The problems:  data hazards and conditional branches.  In a data hazard, the operand of one instruction depends on the result of a previous instruction.  We have to wait until the first instruction finishes before starting the second instruction.  This reduces the value of the pipeline (we no longer have one cycle per instruction), and requires complex circuitry in order to detect the hazard in the first place.  If we have a conditional branch, we don't know which instruction will be executed next, so we can't put the next instruction in the pipeline until the conditional branch has finished.  Again, this reduces the benefits of pipelining.  And all this makes the processor more complicated.  Still, once we have millions of transistors to play with, we put up with this complexity to gain speed.

The trend:  towards pipelines with more stages, in order to reduce the clock cycle time (e.g., from Pentium III to Pentium IV).

(see http://www.ece.arizona.edu/~ece462/Lec03-pipe for some nice pictures)


The x86 is an example of a complex instruction set computer (CISC):  it has a large number of instructions, they come in various sizes, they have complex layouts, and some of them do multiple operations in one instruction (some even do loops!).

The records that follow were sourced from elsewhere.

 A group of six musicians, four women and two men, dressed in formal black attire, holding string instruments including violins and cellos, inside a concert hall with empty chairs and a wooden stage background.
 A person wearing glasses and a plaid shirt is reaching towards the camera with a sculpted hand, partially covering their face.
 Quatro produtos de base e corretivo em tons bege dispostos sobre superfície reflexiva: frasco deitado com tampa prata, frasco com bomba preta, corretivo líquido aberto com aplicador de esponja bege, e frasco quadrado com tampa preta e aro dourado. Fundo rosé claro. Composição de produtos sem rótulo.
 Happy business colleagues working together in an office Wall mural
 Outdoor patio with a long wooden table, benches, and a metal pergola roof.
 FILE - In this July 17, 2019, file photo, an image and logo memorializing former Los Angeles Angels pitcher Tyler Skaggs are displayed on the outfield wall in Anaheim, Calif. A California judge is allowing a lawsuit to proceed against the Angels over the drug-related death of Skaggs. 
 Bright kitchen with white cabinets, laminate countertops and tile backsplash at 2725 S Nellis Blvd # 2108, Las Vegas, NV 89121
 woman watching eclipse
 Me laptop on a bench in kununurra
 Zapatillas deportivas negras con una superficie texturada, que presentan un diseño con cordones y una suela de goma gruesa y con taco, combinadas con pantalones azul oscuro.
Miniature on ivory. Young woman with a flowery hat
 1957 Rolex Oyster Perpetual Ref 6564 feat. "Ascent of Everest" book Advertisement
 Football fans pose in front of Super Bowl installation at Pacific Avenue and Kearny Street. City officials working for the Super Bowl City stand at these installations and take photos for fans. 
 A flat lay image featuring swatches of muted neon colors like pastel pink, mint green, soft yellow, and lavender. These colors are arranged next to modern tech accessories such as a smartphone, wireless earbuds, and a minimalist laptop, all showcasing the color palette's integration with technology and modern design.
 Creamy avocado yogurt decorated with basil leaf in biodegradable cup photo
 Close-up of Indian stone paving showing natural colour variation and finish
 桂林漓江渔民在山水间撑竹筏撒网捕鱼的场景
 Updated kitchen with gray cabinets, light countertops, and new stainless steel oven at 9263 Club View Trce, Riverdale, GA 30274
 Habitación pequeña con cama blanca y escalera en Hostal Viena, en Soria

In contrast, reduced instruction set computers (RISC) have fewer instructions;  all instructions are all the same size and have one or a few layouts;  each instruction does one operation;  and all arithmetic operations are done between registers.  Because the instructions are much more uniform, and close to the basic machine model, it is simpler to create a pipeline for a RISC.  CISC machines like the x86 manage to create pipelines by translating complex instructions internally into more RISC-like operations.


In an effort to squeeze even more performance out of the chip, modern CPUs employ superscalar design, which is one step beyond pipelining.  They have multiple ALUs, and issue more than one instruction in each clock cycle. In terms of our formula, the 'clock cycles per instruction' can go below 1.  But the logic to keep track of hazards becomes even more complex;  more logic is needed to schedule operations than to do them.  And even with complex logic, it is hard to schedule parallel operations 'on the fly'.


The limits of dynamic operation scheduling have led machine designers to consider a very different architecture, explicitly parallel instruction computers (EPIC), exemplified by the Itanium (IA-64 architecture).  EPIC machines have very large instructions (for the Itanium, 128 bits) which specify several operations to be done in parallel.  Thus the burden of scheduling is shifted from the processor to the compiler, and much more time can be spent in developing a good schedule (and analyzing data hazards).

To reduce the pipelining problems due to conditional branches, the IA-64 introduced predicated instructions.  Comparison instructions set predicate bits, much like they set condition codes on the x86 machine (except that there are 64 predicate bits).  Each operation specifies a predicate bit;  it is executed only if the predicate bit = 1.  In practice, all operations are performed, but the result is stored into the register file only if the predicate bit = 1.  The result is that more instructions are executed, but we don't have to stall the pipeline waiting for a condition.

Itanium chips have been available for about half a year (since summer 2001), but the performance of these early chips does not beat that of top-of-the-line Pentium IV's.